====== Available data ======
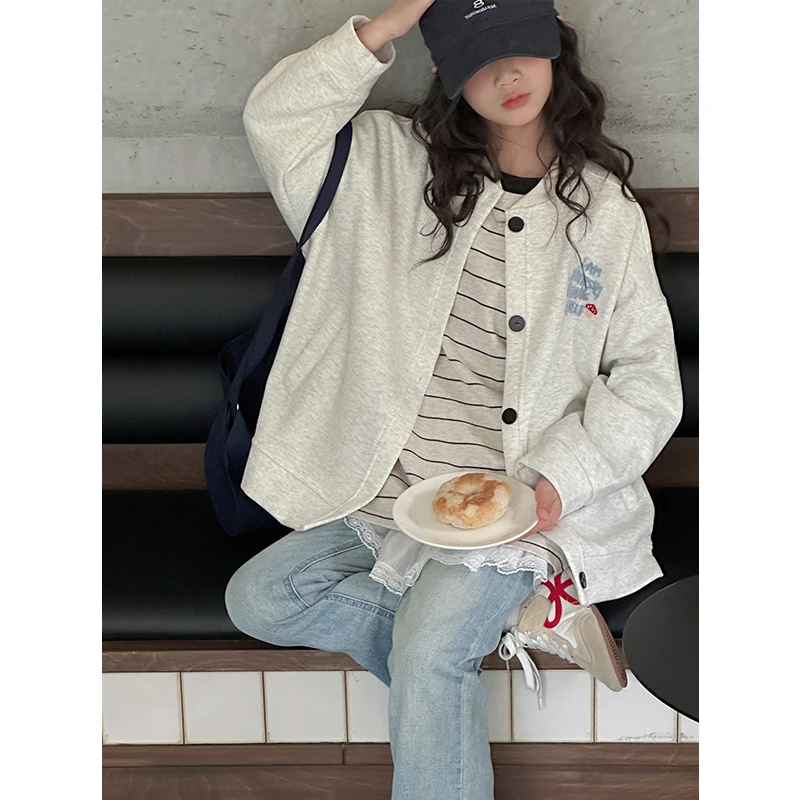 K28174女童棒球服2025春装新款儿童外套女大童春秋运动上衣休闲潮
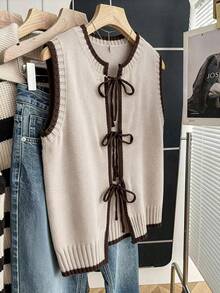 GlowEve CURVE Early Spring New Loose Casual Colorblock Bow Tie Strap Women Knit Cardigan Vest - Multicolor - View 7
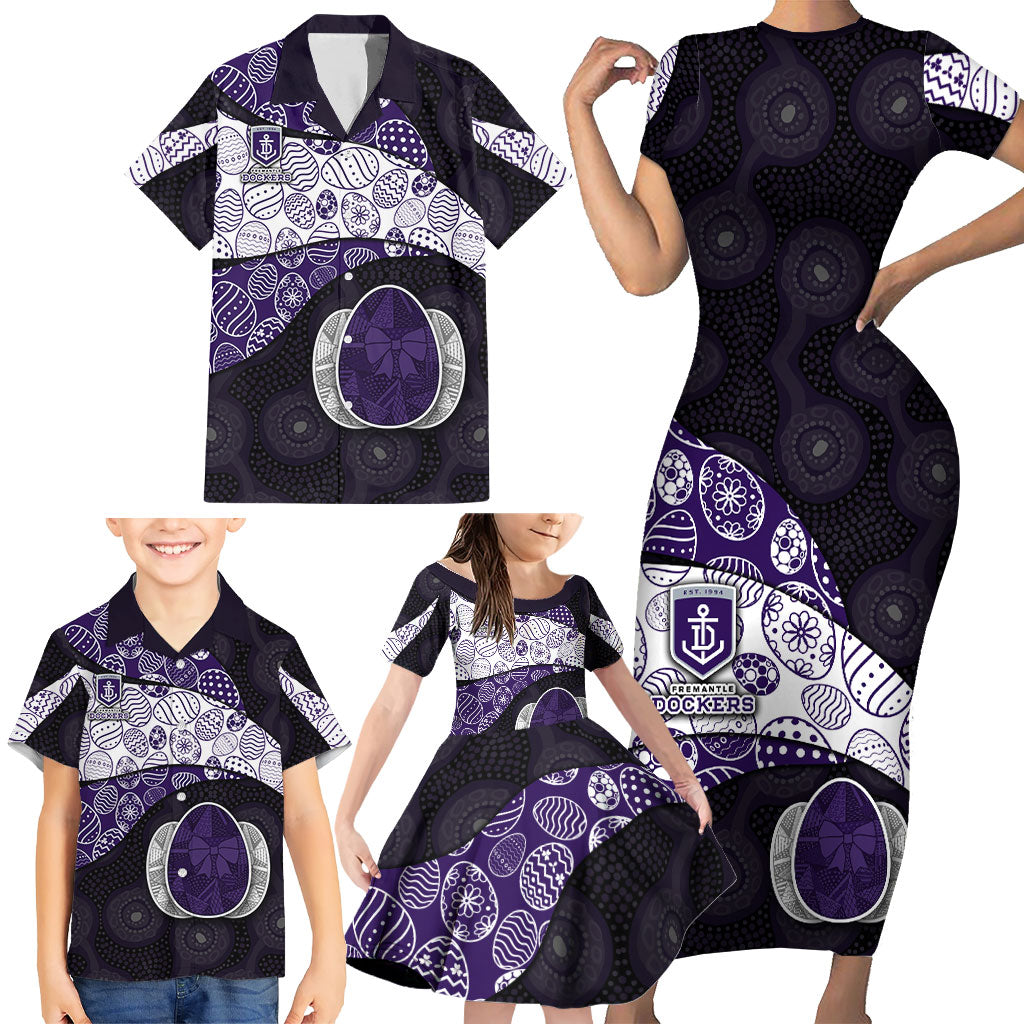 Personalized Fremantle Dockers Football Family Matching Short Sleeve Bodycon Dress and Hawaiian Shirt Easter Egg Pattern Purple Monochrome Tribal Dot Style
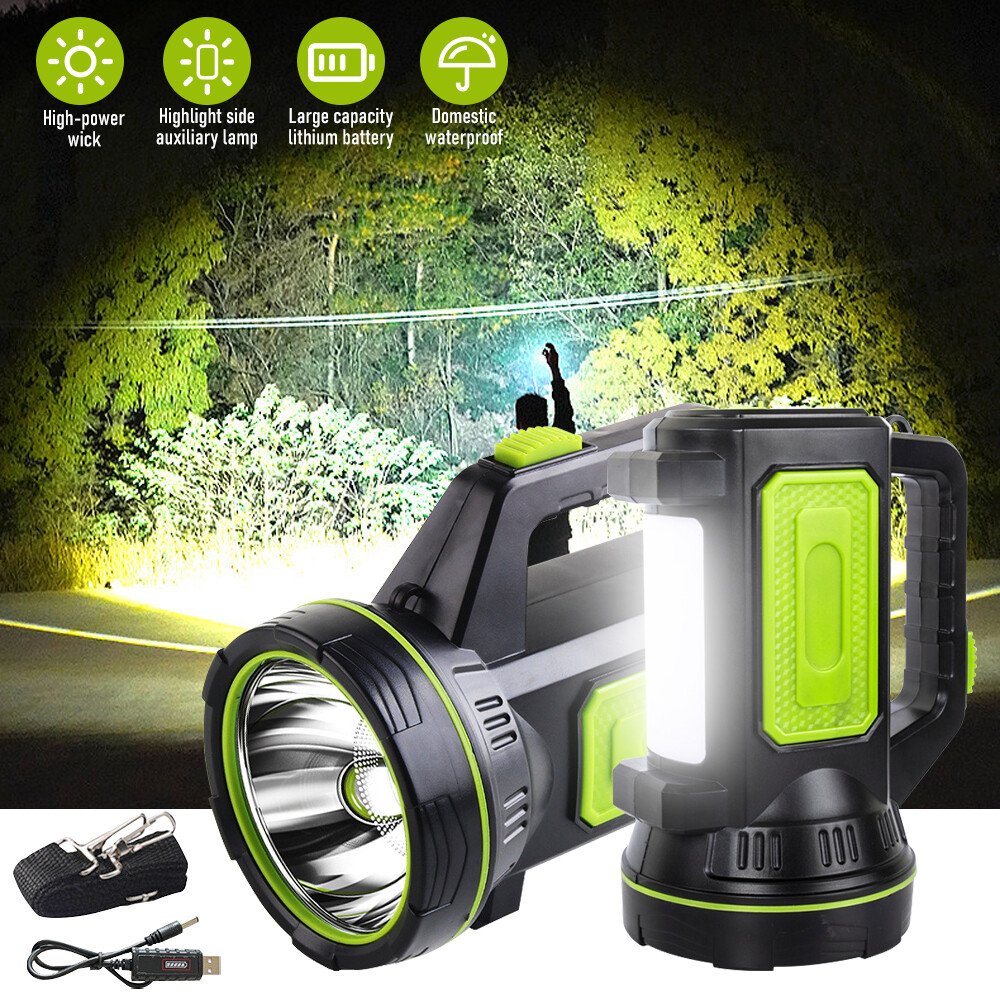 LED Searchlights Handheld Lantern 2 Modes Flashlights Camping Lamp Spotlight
======
* _What is required_:
Find the line that contains "Personalized Fremantle Dockers". Copy it and every line after it through the end of the listing exactly, but not the pictures.

* _Answer section_:
 Personalized Fremantle Dockers Football Family Matching Short Sleeve Bodycon Dress and Hawaiian Shirt Easter Egg Pattern Purple Monochrome Tribal Dot Style
 LED Searchlights Handheld Lantern 2 Modes Flashlights Camping Lamp Spotlight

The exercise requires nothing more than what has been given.